Took the car for a prolonged drive Sunday morning to re-bed the pads. After about 100 miles or so I started noticing a scrapping or grinding noise but could not tell which wheel it was coming from or if from more than one. The noise would start when coming from a stop just after releasing pressure on the brakes and also when starting off it would make noise up till about 40MPH and then fade away. My first thought was that the calipers were too tight and maybe I need to remove a touch of break fluid so that the positions could retract easier. So I used a baster to lower the brake fluid a ¼ inch below the Max fill line. This made no difference. I had a friend walk around my car while I drove slowly and he indicated with certainty that the noise was coming from my left rear wheel. So I went to the store, got some of the GUNK spray and applied that to all rotors and took another drive around. No help there. But I did make a new observation. I decided to pull up on the hand brake to clean off any rust that might have built up while in storage and I noticed that I had to same grinding noise, and this without squeezing the brake calipers. So I play with the hand brake some more, and the harder I pull it, the louder to noise. 

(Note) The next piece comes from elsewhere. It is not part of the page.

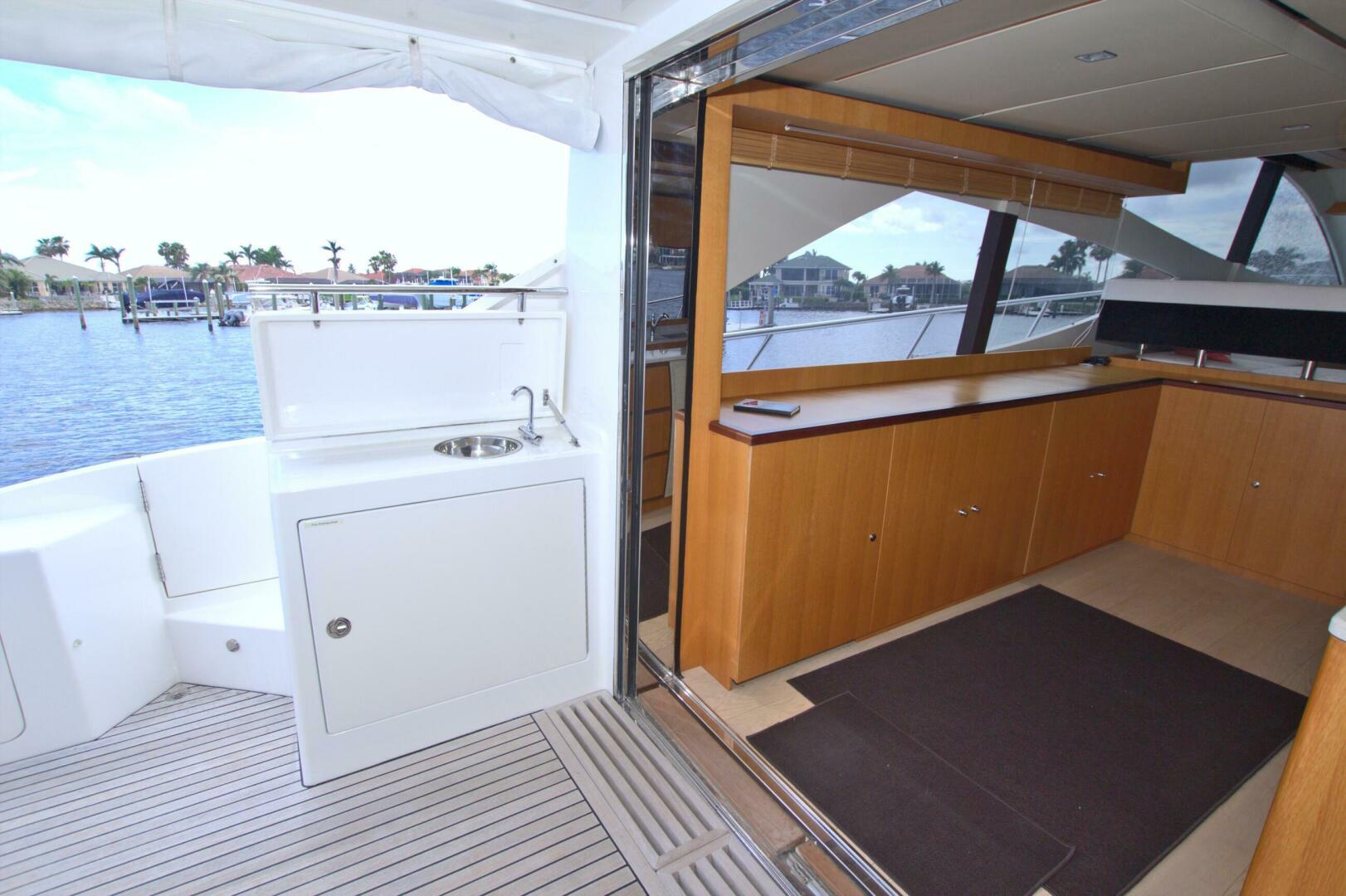 2015 Dyna Yachts 60 Pilothouse Motoryacht - Image 36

Now, I believe my parking brake needs adjustment anyhow, as I don’t get wheel lock up unless I pull up so high and hard as to require flipping up the center arm rest first. 
And on this drive, with the road getting a bit wet with a fall drizzle, once I do lock up the rear wheels using the hand brake, the car will start to fish tail, kicking its ass out to the right angling to car toward the left. Locking up with the foot brake, and the car stops in a straight line, least so long as the road is level. This makes me believe that the left rear parking break shoe is activating harder and/or earlier than the one on the right.

So with all this, I am leaning towards this theory: The right rear parking break is making contact with the inside of the rotor hub, even when the hand break is fully disengaged and thus is the cause of the noise.

To resolve this, I should readjust the PB shoe at both hubs and then adjust the cable tension at the hand leaver.


I’ve read other posts suggesting to check for stones and bent dust covers, and of course, I will check for that too when I get under the car again, but Id love to know if what I’m think makes sense and is likely. I also have one other concern that I think is unlikely, but I guess worth a mention. When I when to push the left rear piston back in, I used a tool I got from sears that has a brace plate and a large tread plunger screw. With a pad over the piston, you torque the plunger with a ratchet to drive it back. Well, the piston was basically already all the way in and I torqued fairly hard with hand ratchet before I realized I was an idiot. So I’m concerned that I might have bent the caliper housing just a slight amount and perhaps that is causing the pad to not seat correctly and shudder about. Just seems like the forces which that caliper is built to deal with are like far greater than what I can create with that tool and a 10in ratchet. But then could I have damaged the piston itself in driving it in to hard. But all in all, I’m leaning toward not having hurt a thing and this being all due to the parking break.

Also, I’m not sure exactly how the parking brake adjustment is made at the wheel. The TIS says to rotate the wheel with one of the lugs removed until you see the adjustment screw and to use a screwdriver. Not much more. I don’t recall seeing any sort of screwable adjustment back in there one time I had looked for it. I only recall seeing the sprocket looking thing in between the springs that looks like you could rotate it on way or the other, but not likely without removing the wheel. Can anyone with experience adjusting the handbrake on late model E46’s give me the skinny on how this works. It may be I just need to get my eyes checked and look again, but some foreknowledge of what to look for would be grand.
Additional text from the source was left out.